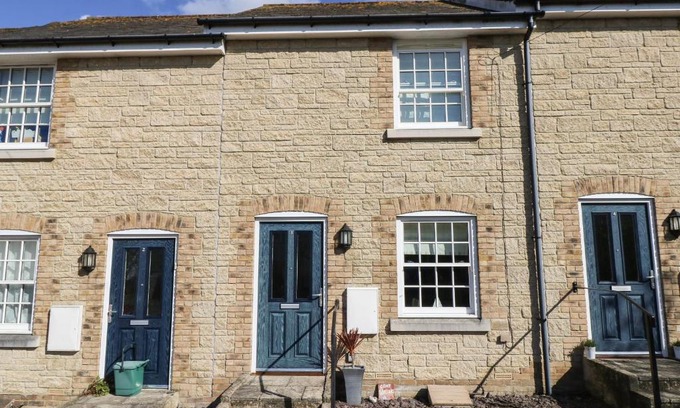 Brading House | 3 Old Post Office Mews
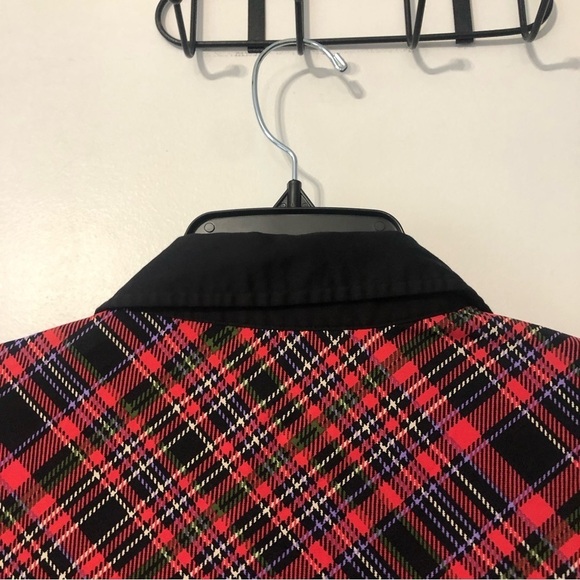 J. McLaughlin Red Plaid Black Trim Button Down Long Sleeve Blouse Medium - Picture 4 of 6
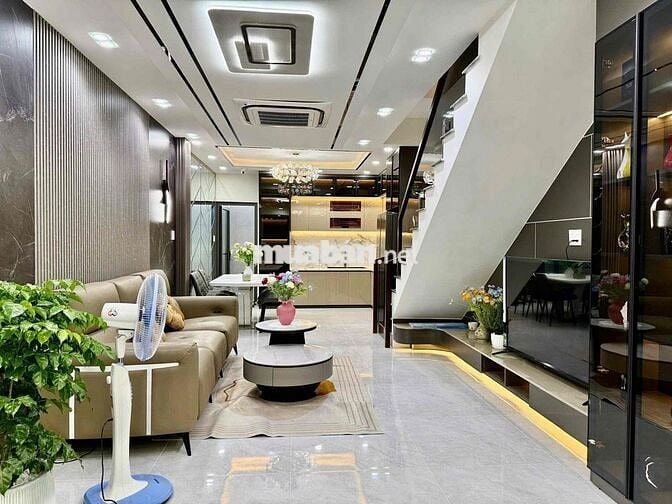 CHÍNH CHỦ BÁN NHÀ HXH NGUYỄN THỊ THẬP TRỆT 3 LẦU, ST 4x15M 12Tỷ390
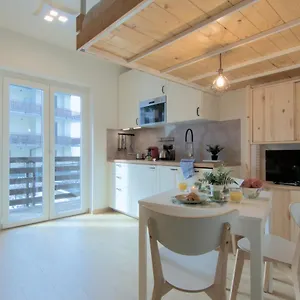 casa-pino-loft-con-giardino-magnolta.it-lombardy.com/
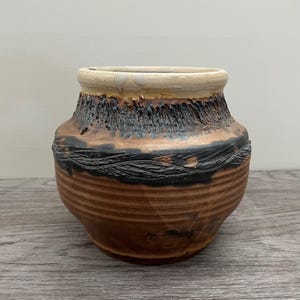 Vintage MCM Brutalist Canadian Studio Pottery Keramik Planter Vas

PROBLEM REQUIREMENTS:
Take the listing and print it again exactly, but without any pictures.

THE ANSWER:
 Brading House | 3 Old Post Office Mews
 J. McLaughlin Red Plaid Black Trim Button Down Long Sleeve Blouse Medium - Picture 4 of 6
 CHÍNH CHỦ BÁN NHÀ HXH NGUYỄN THỊ THẬP TRỆT 3 LẦU, ST 4x15M 12Tỷ390
 casa-pino-loft-con-giardino-magnolta.it-lombardy.com/
 Vintage MCM Brutalist Canadian Studio Pottery Keramik Planter Vas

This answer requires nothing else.